Como os mamíferos perdem a capacidade de regenerar componentes do sistema nervoso central no início do desenvolvimento, Lu e seus colegas decidiram testar sua abordagem lá. Eles escolheram os nervos retinais do olho. Eles primeiro injetaram o vírus no olho para ver se a expressão dos três genes permitiria aos camundongos regenerar nervos danificados - algo que nenhum tratamento ainda havia demonstrado fazer.
Lu se lembra da primeira vez que viu um nervo se regenerando a partir de células oculares danificadas. “Era como uma água-viva crescendo no local da lesão”, diz ele. “Foi de tirar o fôlego”.
A equipe passou a mostrar que seu sistema melhorou a acuidade visual em camundongos com perda de visão relacionada à idade, ou com aumento da pressão dentro do olho – uma marca registrada do glaucoma. A abordagem também redefiniu os padrões epigenéticos para um estado mais jovem em camundongos e em células humanas cultivadas em laboratório.
Ainda não está claro como as células preservam a memória de um estado epigenético mais jovem, diz Sinclair, mas ele e seus colegas estão tentando descobrir.
Caminho para o tratamento clínico
Nesse meio-tempo, a Universidade Harvard licenciou a tecnologia para a empresa Life Biosciences, de Boston, que, segundo Sinclair, está realizando avaliações pré-clínicas de segurança com o objetivo de desenvolvê-la para uso em pessoas. Seria uma abordagem inovadora para o tratamento da perda de visão, diz Botond Roska, diretor do Instituto de Oftalmologia Molecular e Clínica na Basileia, Suíça, mas provavelmente precisará de um refinamento considerável antes de poder ser implantado com segurança em humanos, acrescenta.
A história da pesquisa sobre envelhecimento está repleta de promessas não cumpridas de fontes potenciais de juventude que não conseguiram chegar aos humanos. Mais de uma década atrás, Sinclair causou polêmica ao sugerir que compostos – incluindo um encontrado no vinho tinto – que ativam proteínas chamadas sirtuínas poderiam aumentar a longevidade. Embora ele e outros continuem a estudar as ligações entre as sirtuínas e o envelhecimento que foram originalmente observados nas leveduras, a noção de que tais compostos podem ser usados para prolongar a vida humana ainda não foi confirmada e tornou-se controversa.
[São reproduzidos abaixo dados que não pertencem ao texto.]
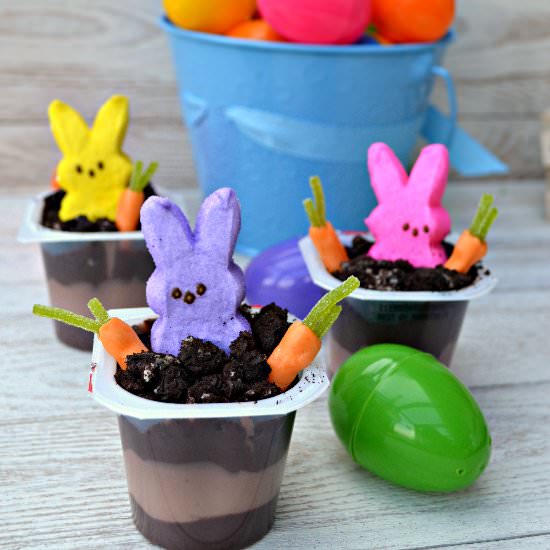 Peeps Pudding Cups in OREO Dirt - Recipe photo by AThriftyMom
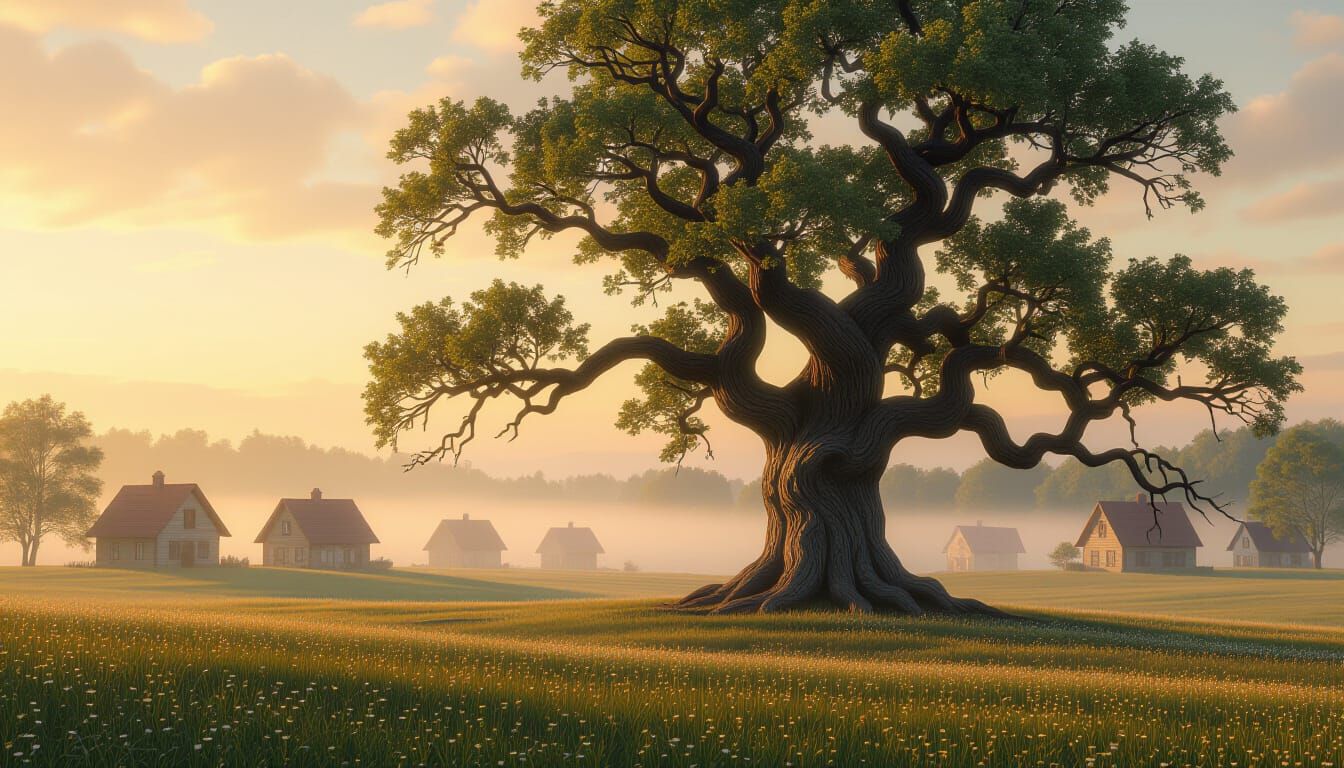 Majestic Ancient Oak Tree in Misty Meadow at Dawn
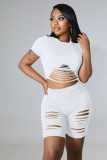 Solid color rushing to break the street trend short-sleeved shorts casual sports suit two-piece set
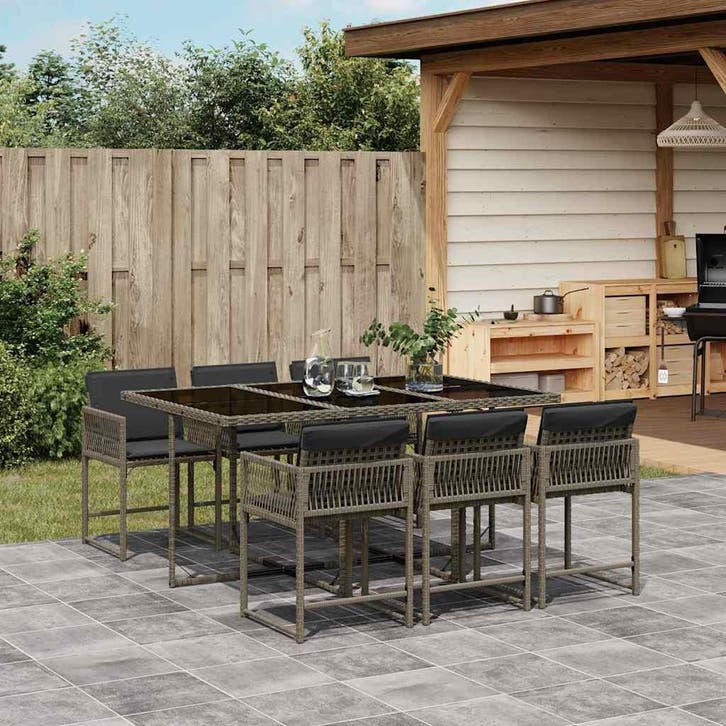 vidaXL 7-delige Tuinset met kussens poly rattan grijs, Tuin en Terras, Tuinsets en Loungesets, Tuinset, Nieuw, Verzenden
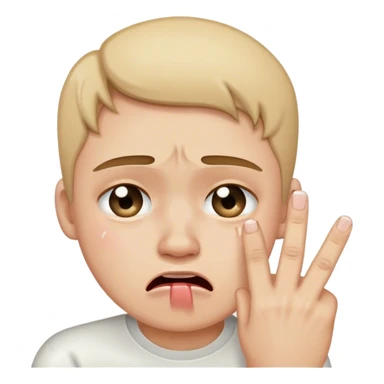 Crying face with middle finger sticker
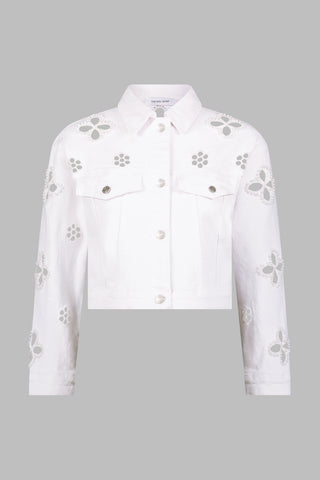 Kaia Pearl Jean Jacket - White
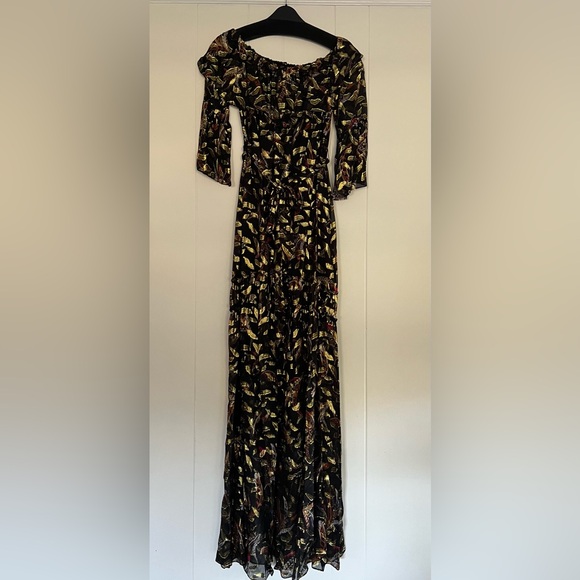 NWT Rachel Zoe Collection Quinn Maxi Dress - Feather Print Gold Fil Coupe Size 2 - Picture 8 of 13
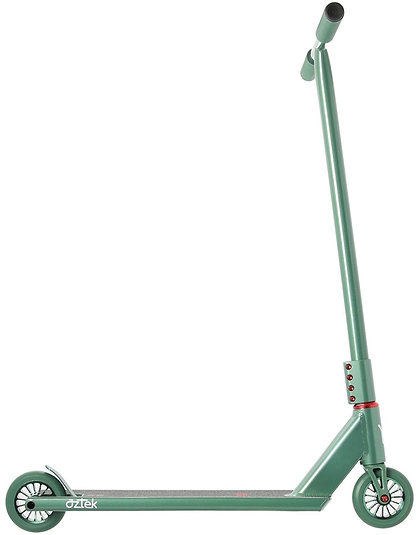 The Aztek Architect 2 Complete Stunt Scooter in Sage Green features black hand grips, a wide deck, and two solid wheels—ideal as an entry-level stunt scooter for street riders.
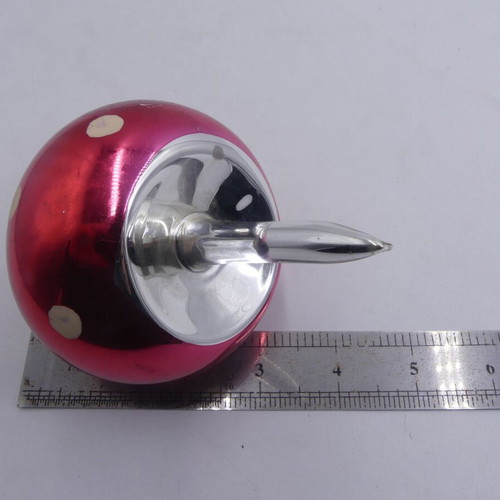 Vintage Red Glass Mushroom Christmas Ornament Polka Dot Amanita used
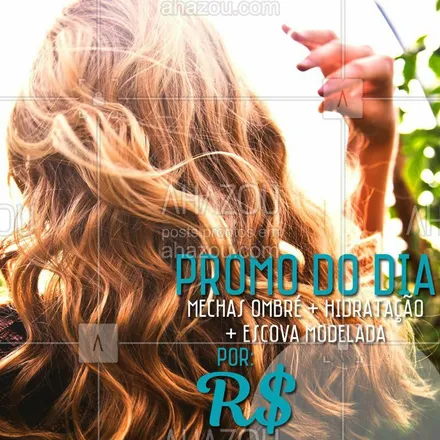 posts, legendas e frases de cabelo para whatsapp, instagram e facebook: Aproveite a promoção para cuidar das madeixas. Marque o seu horário agora mesmo! #cabelo #ahazou #cuidados #promocao #bonita

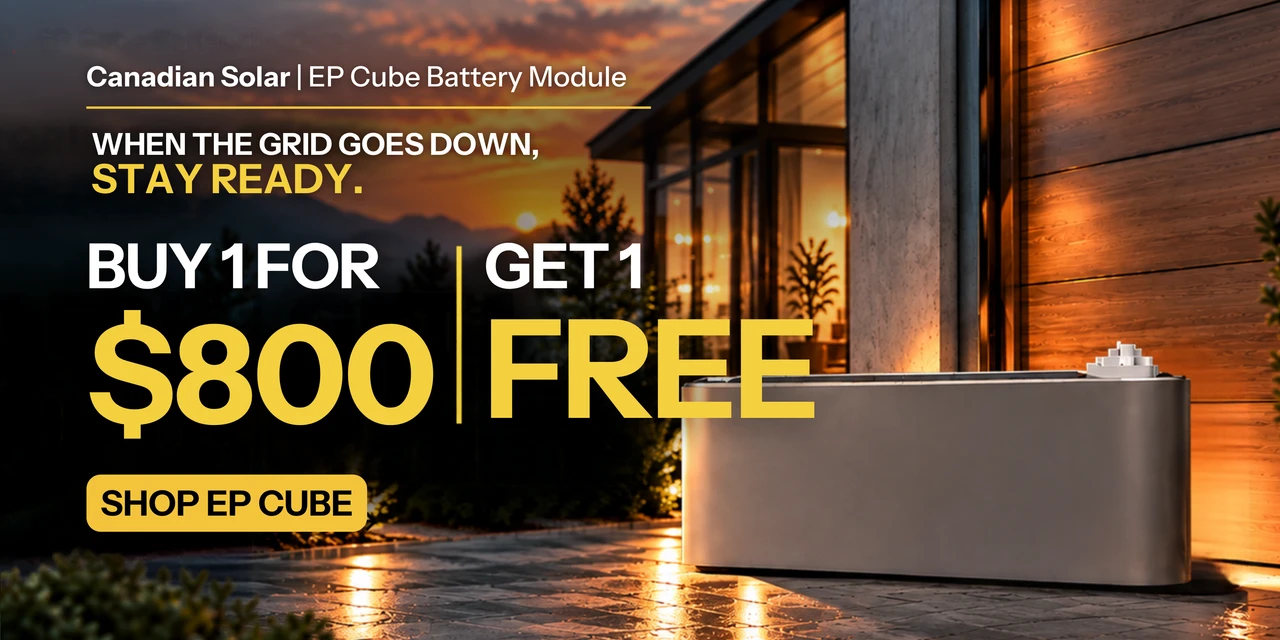 Buy one get one Canadian Solar EP Cube Battery Module for a limited time only! Shop the sale now.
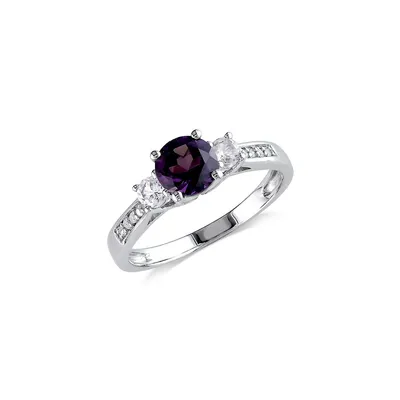 Bague en or blanc 10 ct avec diamants 0,05 PT, alexandrite et saphir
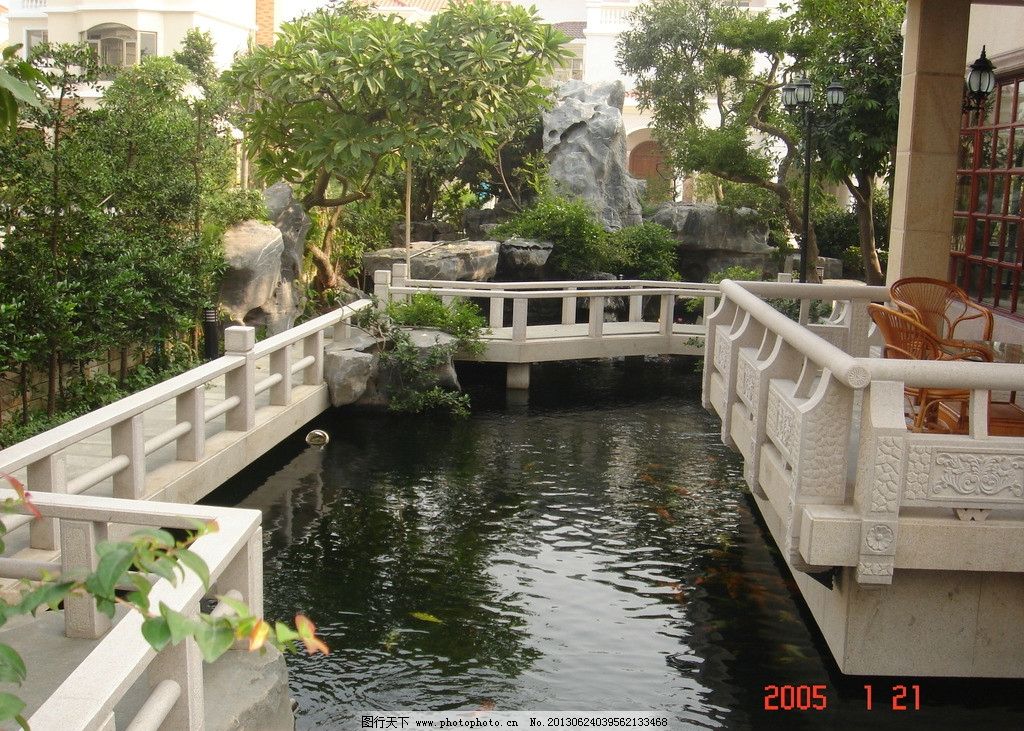 别院园林图片,中式 别墅 庭院 栏杆 雨棚 园林建筑-图
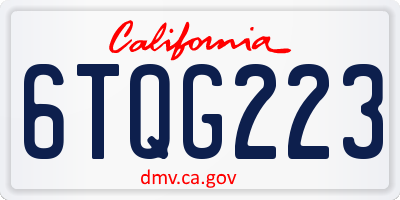 CA license plate 6TQG223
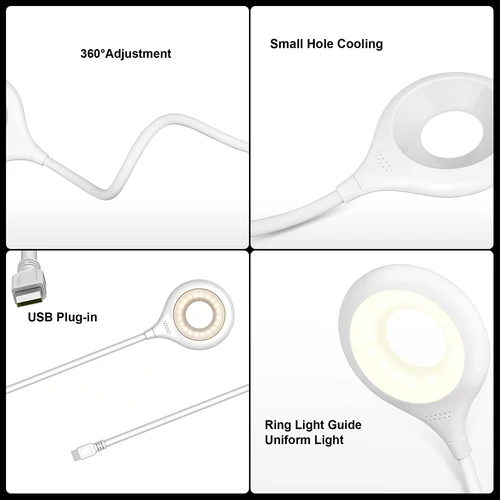 휴대용 USB Flexo LED 책상 램프, DC5V LED 공부 독서 조명, 컴퓨터 PC 노트북 링 아이 케어 LED 라이트 테이블 램프 4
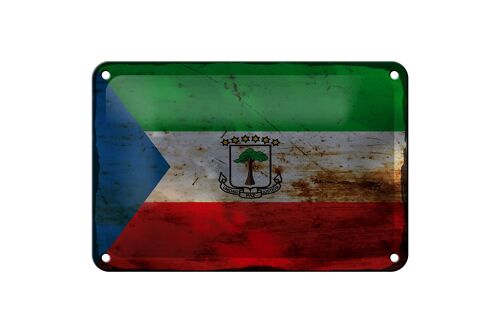 Blechschild Flagge Äquatorialguinea 18x12cm Flag Rost Dekoration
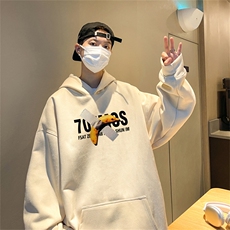 特P43控78秋季360G麂皮绒印花宽松休闲连帽卫衣JWY3268，男装卫衣，电商B370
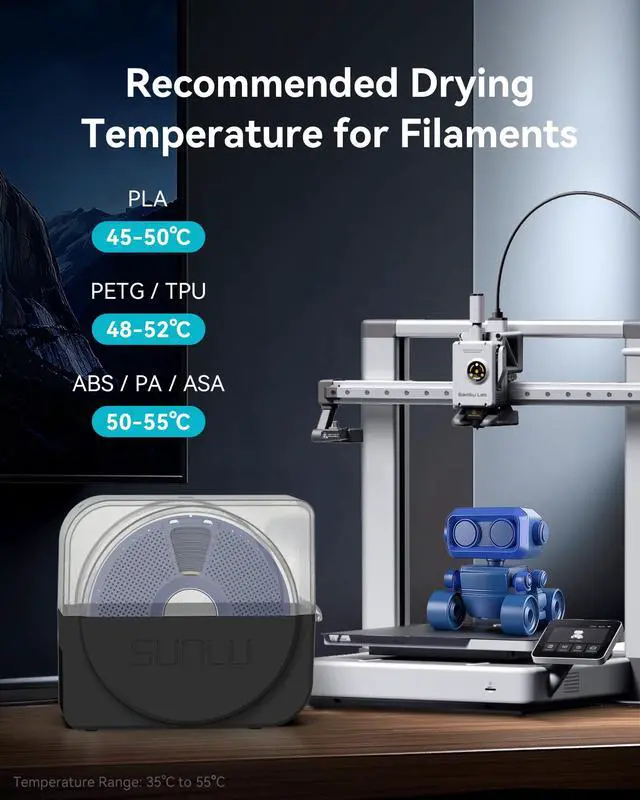 Alt view image 6 of 7 - Filament Dryer Box for 3D Printer Filament, S1 Plus Filament Dehydrator with Fan Design, Filament Storage can Keep 1.75 2.85 3.00mm PLA PETG ABS Filament Dry During 3D Printing (Black)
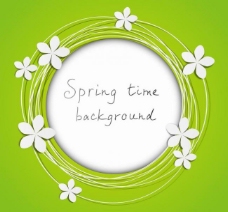 春季背景线条圈圈花朵春天背景图片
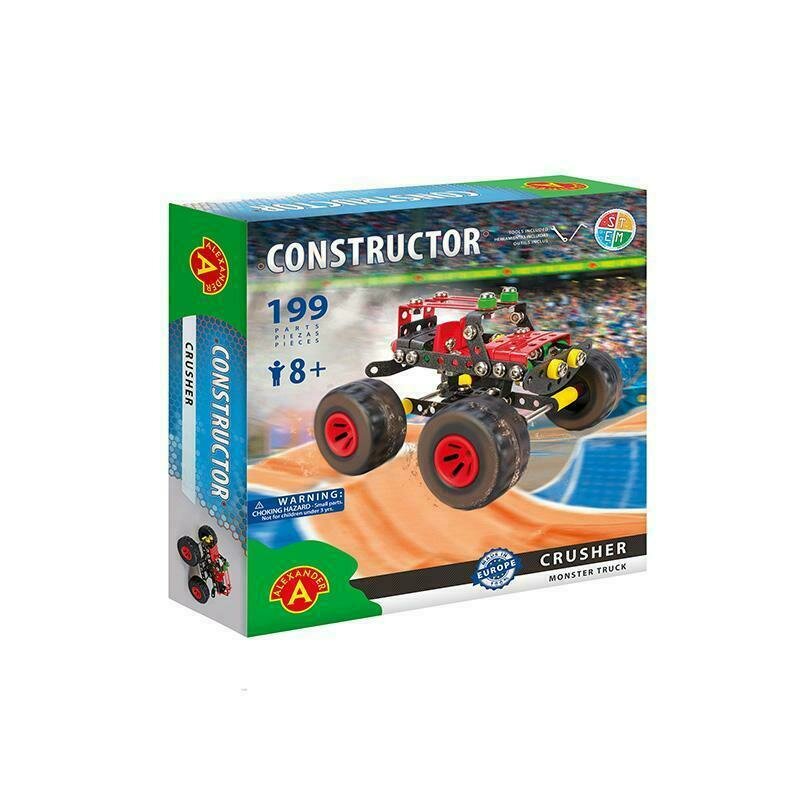 Alexander toys - set de constructie vehicul crusher monster truck , constructor , 199 piese metalice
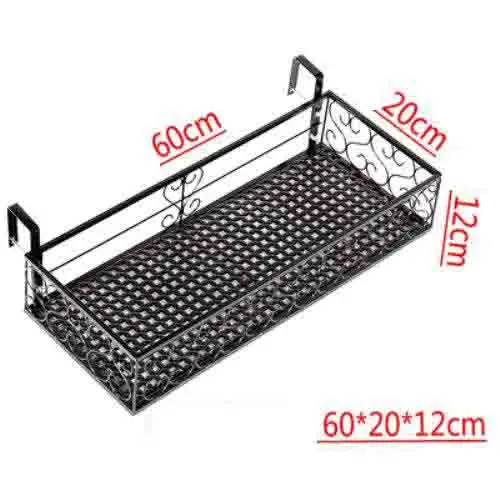 22% Rack Type Burglar Mesh  Iron Art Flower Rack Guardrail Botany Flowerpot Frame Wall Hanging Meaty Railing Flower Rack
Em última análise, o teste definitivo se dará quando outros laboratórios tentarem reproduzir o trabalho de reprogramação e experimentarem a abordagem em outros órgãos afetados pelo envelhecimento, como o coração, pulmões e rins, diz Judith Campisi, bióloga celular do Instituto Buck para Pesquisa do Envelhecimento em Novato, Califórnia (EUA).
Esses dados devem surgir rapidamente, ela prevê. “Existem muitos laboratórios agora que estão trabalhando em todo esse conceito de reprogramação”, diz Campisi. “Devemos ter esperança, mas, como tudo o mais, isso precisa ser repetido e estendido”.